Drop the images, then output the listing exactly.
::: DATA FOR ANALYSIS :::
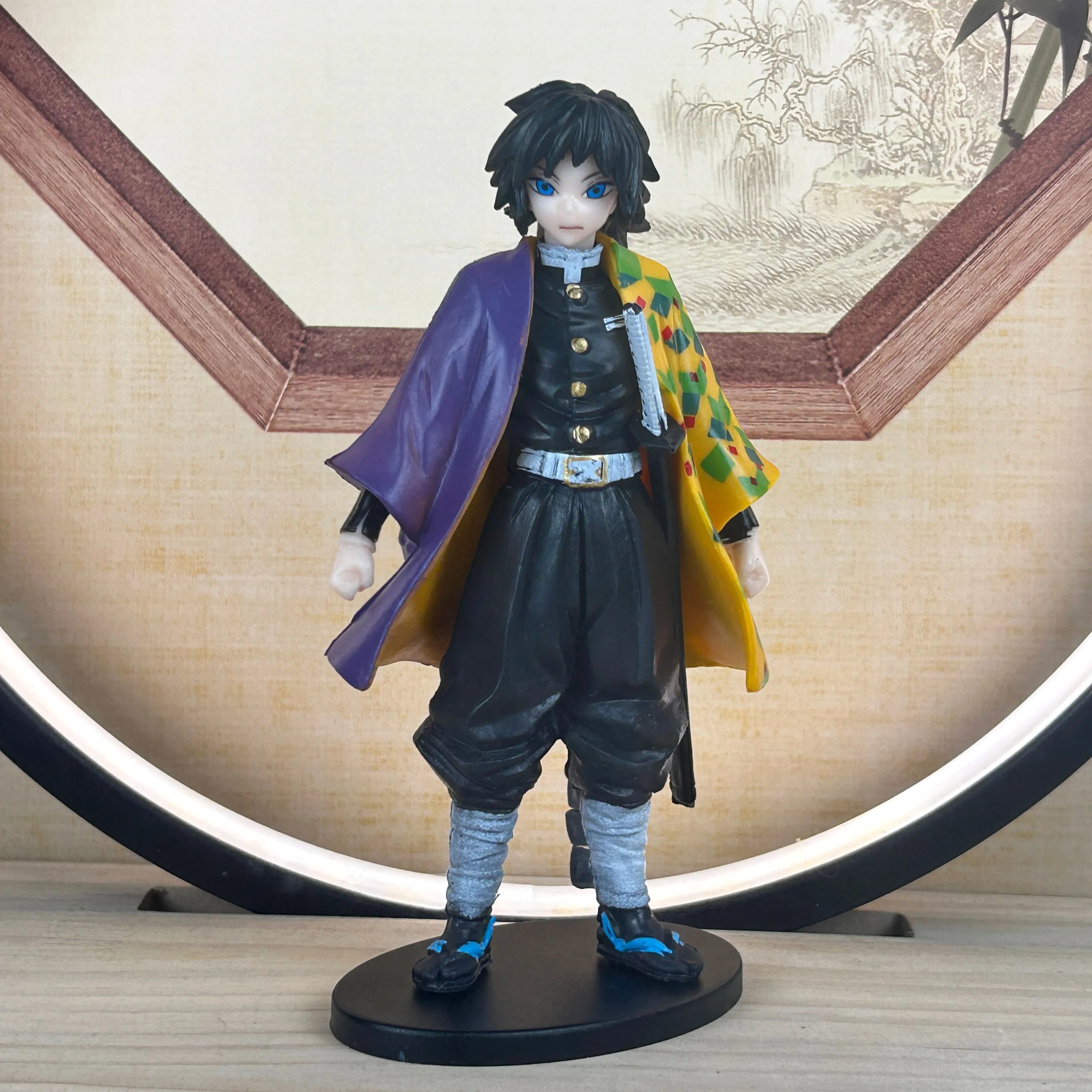 Demon Slayer Action Figures – Anime Toy Set
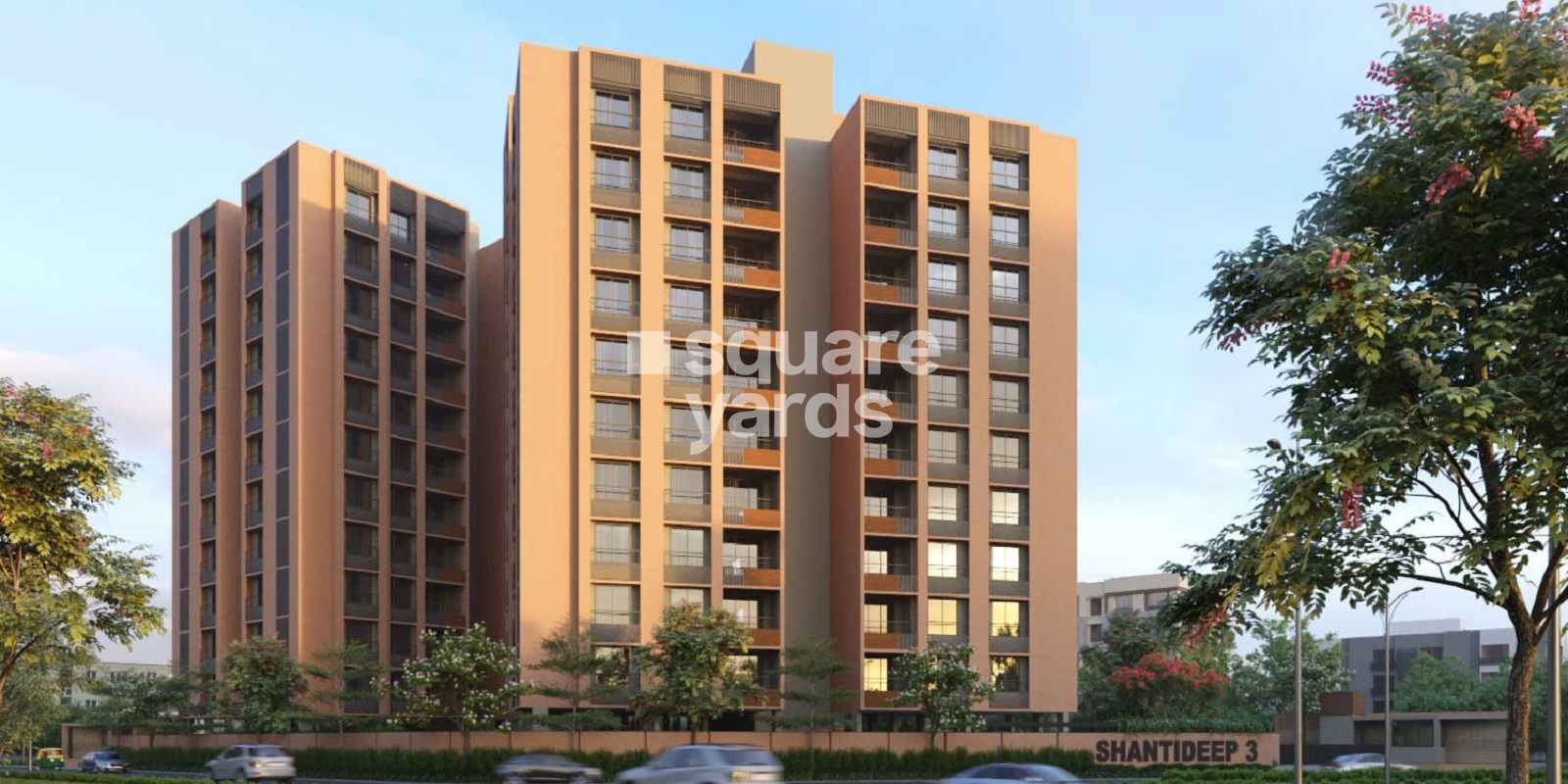 Shantideep Apartment Exteriors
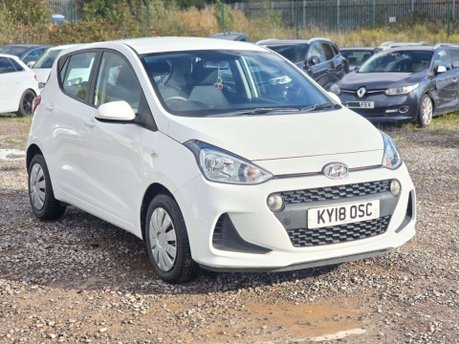 Hyundai i10 1.2 SE Hatchback 5dr Petrol Auto Euro 6 (87 ps) 5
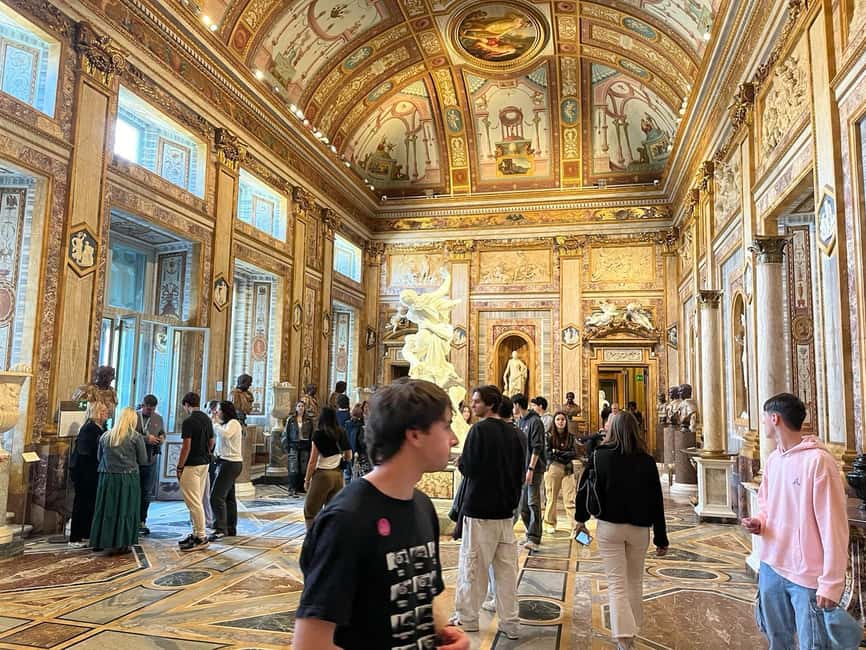 Rome: Borghese Gallery Skip the line ticket and Audioguide - Key highlights worth planning around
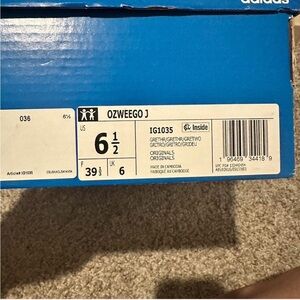 Adidas Ozweego Originals in Blue Box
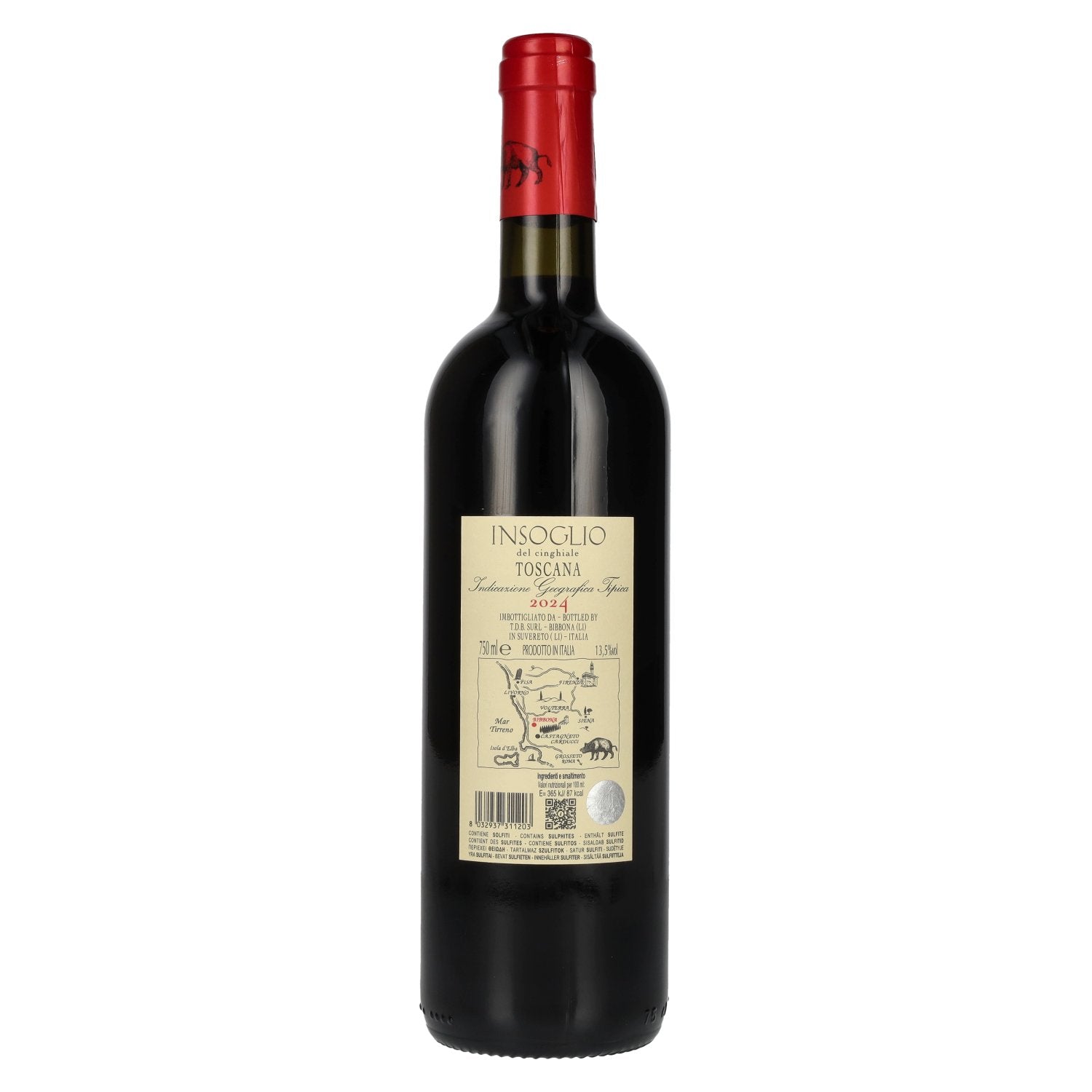 Insoglio del Cinghiale Campo di Sasso Toscana IGT 2024 13,5% Vol. 0,75l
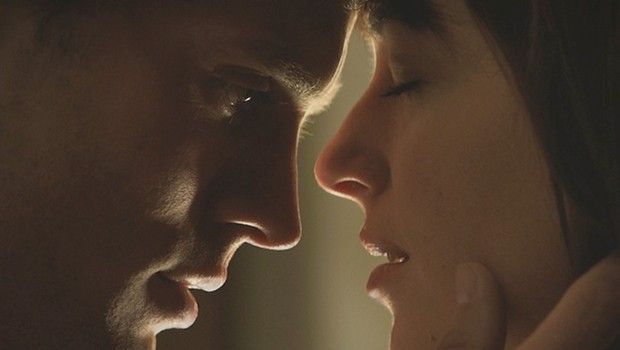Jamie Dornan and Dakota Johnson in 'Fifty Shades of Grey' (2015)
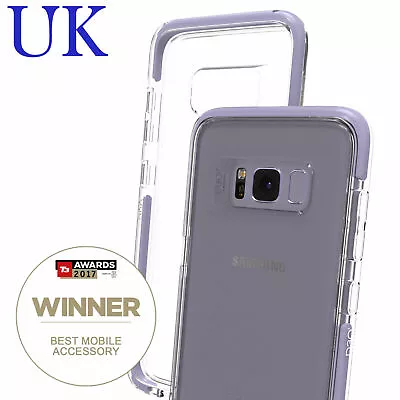 Samsung Galaxy S8 Case GEAR4 Piccadilly Advanced Impact Protection D3O -  Orchid • £13.99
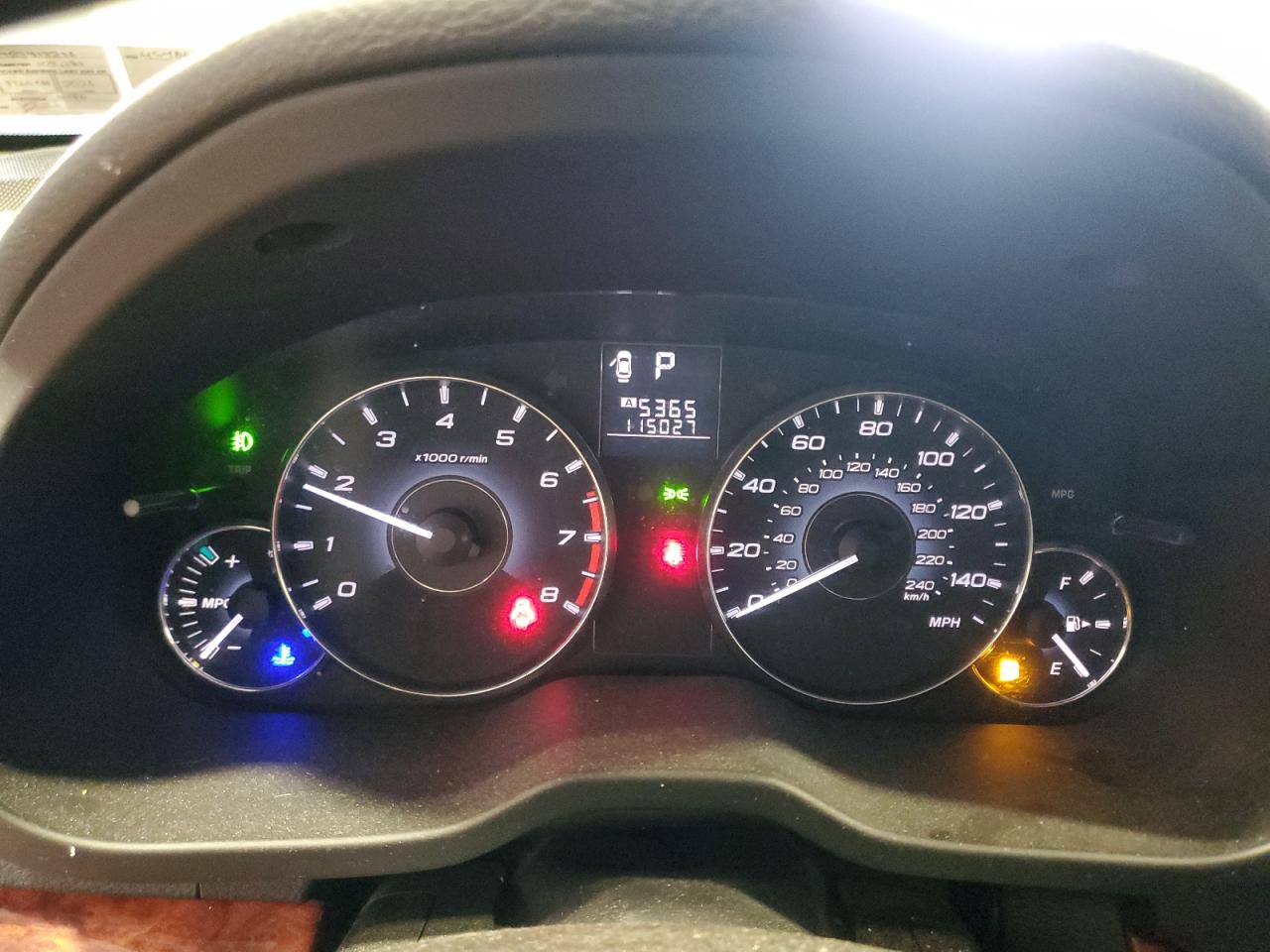 2011 Subaru Outback 2.5I Limited VIN: 4S4BRBJC4B3413216 Lot: 85117585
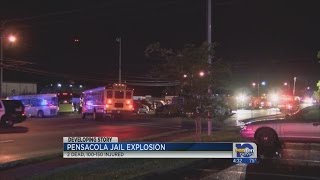 Escambia County Jail explosion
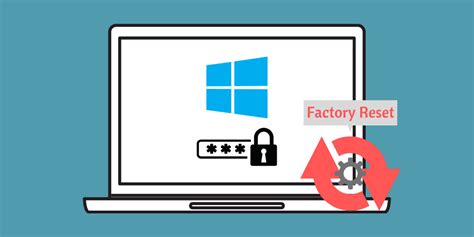 How To Factory Reset Windows 10 Without A Password Easily Istartips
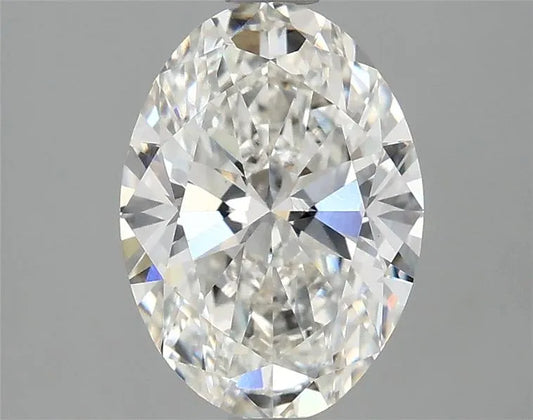 2.00ct Oval Lab Grown Diamond (Colour G, Clarity VVS1, IGI Certified)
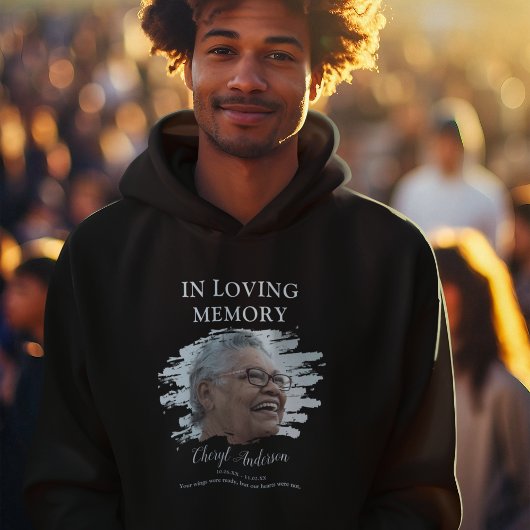 In Love Memory | Foto Memorial T - Shirt
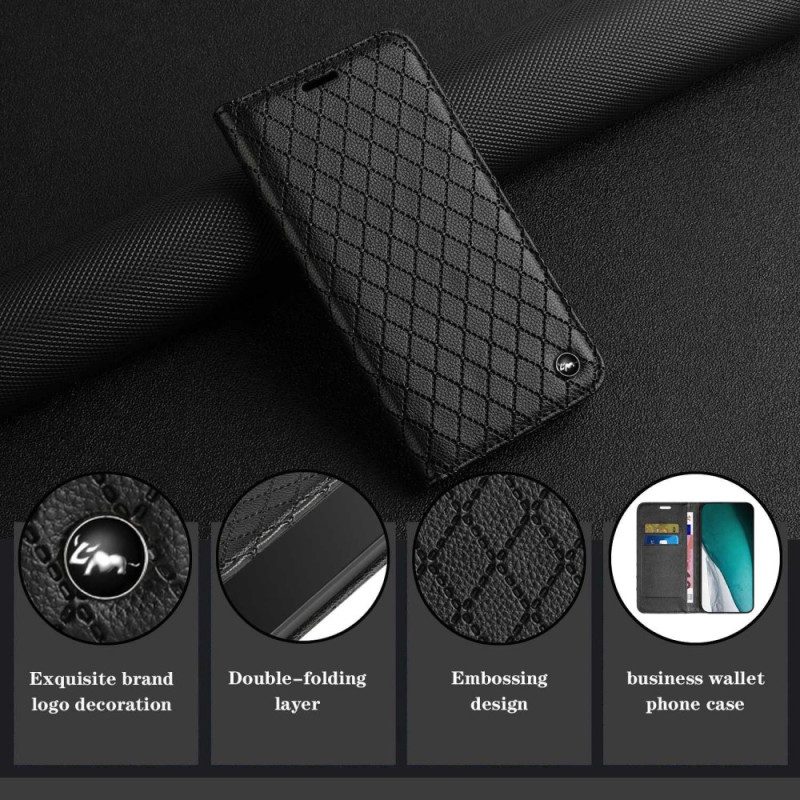 Folio Cover Xiaomi Redmi 10A Custodia in pelle Diamanti Rfid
:::
SOLUTION TO THE EXERCISE ▸
 Demon Slayer Action Figures – Anime Toy Set
 Shantideep Apartment Exteriors
 Hyundai i10 1.2 SE Hatchback 5dr Petrol Auto Euro 6 (87 ps) 5
 Rome: Borghese Gallery Skip the line ticket and Audioguide - Key highlights worth planning around
 Adidas Ozweego Originals in Blue Box
 Insoglio del Cinghiale Campo di Sasso Toscana IGT 2024 13,5% Vol. 0,75l
Jamie Dornan and Dakota Johnson in 'Fifty Shades of Grey' (2015)
 Samsung Galaxy S8 Case GEAR4 Piccadilly Advanced Impact Protection D3O -  Orchid • £13.99
 2011 Subaru Outback 2.5I Limited VIN: 4S4BRBJC4B3413216 Lot: 85117585
 Escambia County Jail explosion
 How To Factory Reset Windows 10 Without A Password Easily Istartips
 2.00ct Oval Lab Grown Diamond (Colour G, Clarity VVS1, IGI Certified)
 In Love Memory | Foto Memorial T - Shirt
 Folio Cover Xiaomi Redmi 10A Custodia in pelle Diamanti Rfid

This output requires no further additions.